Procurado, o secretário da Casa Civil, Arthur Lima, não respondeu.
Parlamentares de esquerda falaram no plenário que houve promessa de R$ 20 milhões em emendas e pagamentos de indicações como moeda de troca para angariar votos pela privatização –os deputados da base negaram.
A liberação de verbas do palácio para os deputados teve um salto expressivo três dias após o governo enviar o projeto, em 17 de outubro, quando a gestão Tarcísio pagou R$ 73,6 milhões em indicações de parlamentares –inclusive da esquerda–, o que representa quase dois terços de toda a verba liberada para indicações neste ano.
Esse valor inclui apenas as liberações de recursos já concluídas, mas os partidos também somam outros milhões de verbas em andamento.
Deputados da União Brasil, que votaram unanimemente em favor do projeto de Tarcísio, já têm R$ 12,7 milhões em emendas selecionadas para repasse e outras R$ 34,6 milhões na fase de cadastro de documentos e plano de trabalho (o que é uma etapa à frente da análise preliminar, mas ainda não significa que o valor será liberado).

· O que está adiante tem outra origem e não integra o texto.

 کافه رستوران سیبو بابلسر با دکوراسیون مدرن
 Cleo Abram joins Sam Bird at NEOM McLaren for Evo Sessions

Já o PSDB tem R$ 1,9 milhão em pagamentos de indicações já selecionadas para repasse e outros R$ 36,3 milhões em cadastro de documentos. O Podemos, de um total de R$ 1,5 milhão em andamento, tem R$ 500 mil na fase mais avançada da liberação.
Um único deputado do bloco da esquerda votou a favor do projeto. Foi Valdomiro Lopes (PSB), cujas indicações, todas elas na fase de cadastros de documentos, somam R$ 3,7 milhões.

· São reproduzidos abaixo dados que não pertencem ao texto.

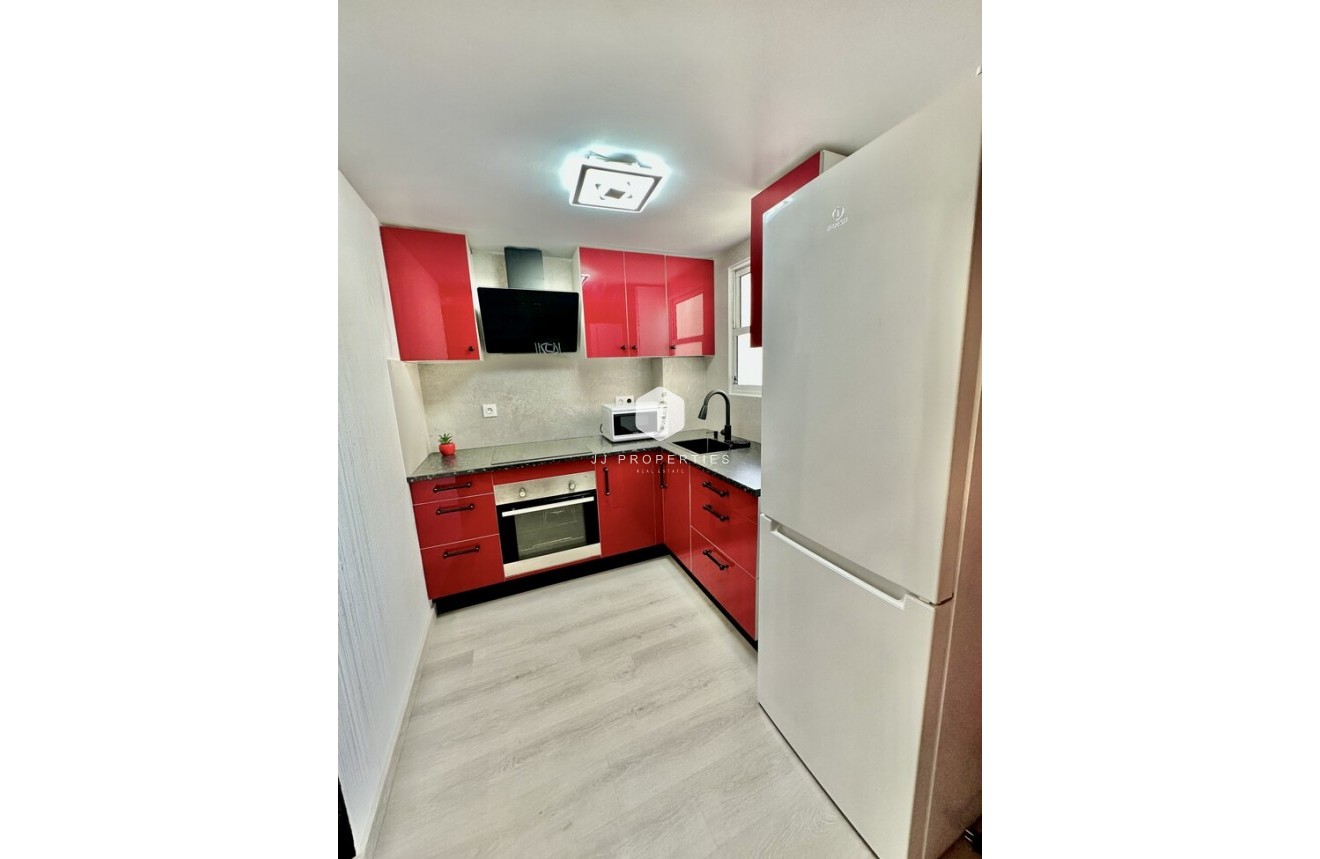 Tweedehands - Appartement / flat -
Torrevieja - Centro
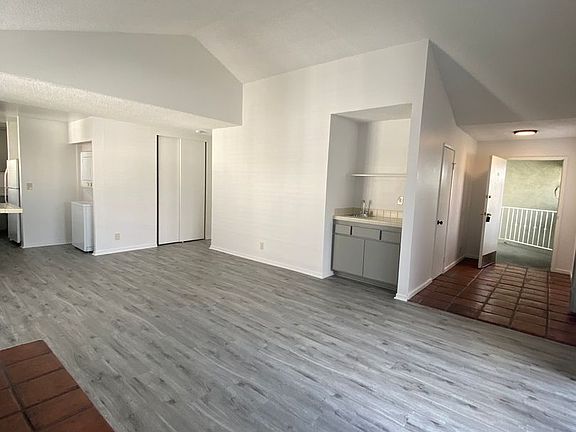 5th image of 292 N Lowena Dr APT 301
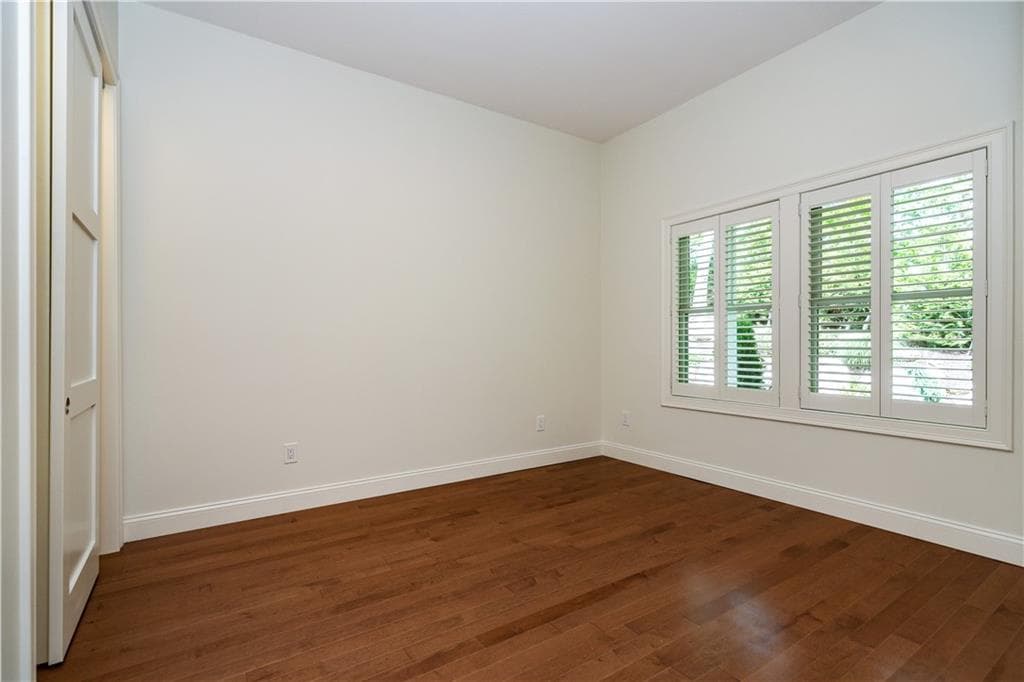 15 Hampton Road UNIT 20 photo 40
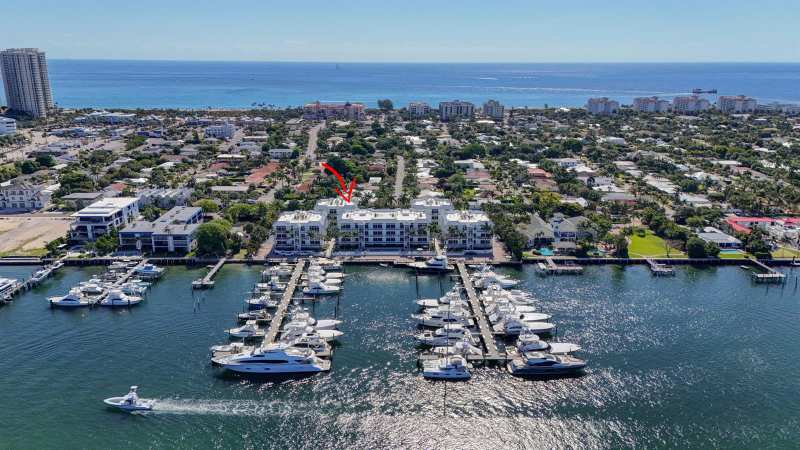 182 Lake Drive # 301, Palm Beach Shores FL 33404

A oposição, no entanto, diz não acreditar que o resultado expressivo ao fim da votação veio somente em função de uma nova promessa. A leitura é que os deputados que se diziam em dúvida, na verdade, estariam fazendo “corpo mole” –uma espécie de suspense– na tentativa de conquistar alguma benesse a mais do governo, mas votariam pela privatização de todo modo.

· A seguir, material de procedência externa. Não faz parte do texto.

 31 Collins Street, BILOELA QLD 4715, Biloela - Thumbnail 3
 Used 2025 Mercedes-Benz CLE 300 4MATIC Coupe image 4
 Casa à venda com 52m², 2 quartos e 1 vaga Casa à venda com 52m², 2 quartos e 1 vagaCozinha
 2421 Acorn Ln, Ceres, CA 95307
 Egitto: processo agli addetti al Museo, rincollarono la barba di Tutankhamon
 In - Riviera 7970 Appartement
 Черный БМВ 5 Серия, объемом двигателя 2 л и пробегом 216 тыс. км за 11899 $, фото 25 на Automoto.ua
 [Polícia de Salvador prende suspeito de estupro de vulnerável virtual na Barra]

Havia insatisfação clara do bloco bolsonarista com o que afirmam ser uma falta de atenção de Tarcísio às pautas da direita, principalmente as de costumes, segundo a avaliação de parlamentares.
Esse grupo, formado por nomes como Gil Diniz, Lucas Bove e Major Mecca (todos do PL), provocavam a audiência contrária à privatização durante as discussões do projeto, o que gerava confusão e travava o andamento da pauta.
Deputados de partidos da centro-direita, que preferiam nem subir à tribuna para acelerar a tramitação, leram as provocações como um recado ao governo Tarcísio.
Como a oposição não votou no projeto, afirmando não haver condições de voltar ao plenário tomado por gás lacrimogêneo após a confusão entre PM e manifestantes, a proposta poderia ter sido aprovada por unanimidade, não fosse uma única defecção, de uma parlamentar bolsonarista.
A Delegada Graciela (PL), que votou não, foi eleita por Franca (SP) e afirmou que quis se “alinhar ao que pensa a maior parte da população” da cidade, considerada modelo de saneamento, disse, destacando que permanecerá na base de Tarcísio.